**Your assignment:** Return all lines from the listing below in which "Front" appears.

**Recorded data:**
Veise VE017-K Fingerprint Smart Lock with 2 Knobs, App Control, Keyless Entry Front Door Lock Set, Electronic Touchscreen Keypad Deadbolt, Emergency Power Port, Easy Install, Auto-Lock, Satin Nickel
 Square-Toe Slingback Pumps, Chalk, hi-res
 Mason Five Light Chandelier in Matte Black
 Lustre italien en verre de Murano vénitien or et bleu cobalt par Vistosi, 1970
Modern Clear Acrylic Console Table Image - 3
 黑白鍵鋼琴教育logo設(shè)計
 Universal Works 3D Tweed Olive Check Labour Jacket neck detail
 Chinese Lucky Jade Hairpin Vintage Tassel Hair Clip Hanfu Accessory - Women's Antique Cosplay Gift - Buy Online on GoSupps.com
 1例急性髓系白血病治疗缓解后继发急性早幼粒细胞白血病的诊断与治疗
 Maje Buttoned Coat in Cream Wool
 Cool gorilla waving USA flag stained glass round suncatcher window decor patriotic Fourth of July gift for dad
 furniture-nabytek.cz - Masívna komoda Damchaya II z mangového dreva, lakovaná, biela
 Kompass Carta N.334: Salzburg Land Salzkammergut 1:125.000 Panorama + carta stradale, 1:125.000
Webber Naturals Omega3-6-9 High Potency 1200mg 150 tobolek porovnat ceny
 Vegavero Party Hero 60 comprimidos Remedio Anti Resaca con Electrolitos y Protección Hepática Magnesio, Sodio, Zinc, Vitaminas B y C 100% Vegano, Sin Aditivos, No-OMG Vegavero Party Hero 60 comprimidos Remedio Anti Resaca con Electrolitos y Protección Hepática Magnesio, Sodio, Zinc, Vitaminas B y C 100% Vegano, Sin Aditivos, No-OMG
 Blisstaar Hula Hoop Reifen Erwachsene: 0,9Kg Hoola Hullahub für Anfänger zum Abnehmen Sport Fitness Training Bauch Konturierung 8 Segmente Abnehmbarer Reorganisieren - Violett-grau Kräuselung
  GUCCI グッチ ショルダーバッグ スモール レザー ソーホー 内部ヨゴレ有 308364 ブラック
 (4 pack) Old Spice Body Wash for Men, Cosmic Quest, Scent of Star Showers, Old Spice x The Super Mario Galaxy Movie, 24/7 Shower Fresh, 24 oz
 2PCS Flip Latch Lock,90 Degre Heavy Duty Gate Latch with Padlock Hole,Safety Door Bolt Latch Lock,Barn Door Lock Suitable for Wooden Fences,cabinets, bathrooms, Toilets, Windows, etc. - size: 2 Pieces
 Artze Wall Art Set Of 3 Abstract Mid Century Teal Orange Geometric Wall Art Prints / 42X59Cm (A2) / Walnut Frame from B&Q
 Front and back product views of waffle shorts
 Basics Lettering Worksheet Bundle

**Completed exercise:**
Veise VE017-K Fingerprint Smart Lock with 2 Knobs, App Control, Keyless Entry Front Door Lock Set, Electronic Touchscreen Keypad Deadbolt, Emergency Power Port, Easy Install, Auto-Lock, Satin Nickel
 Front and back product views of waffle shorts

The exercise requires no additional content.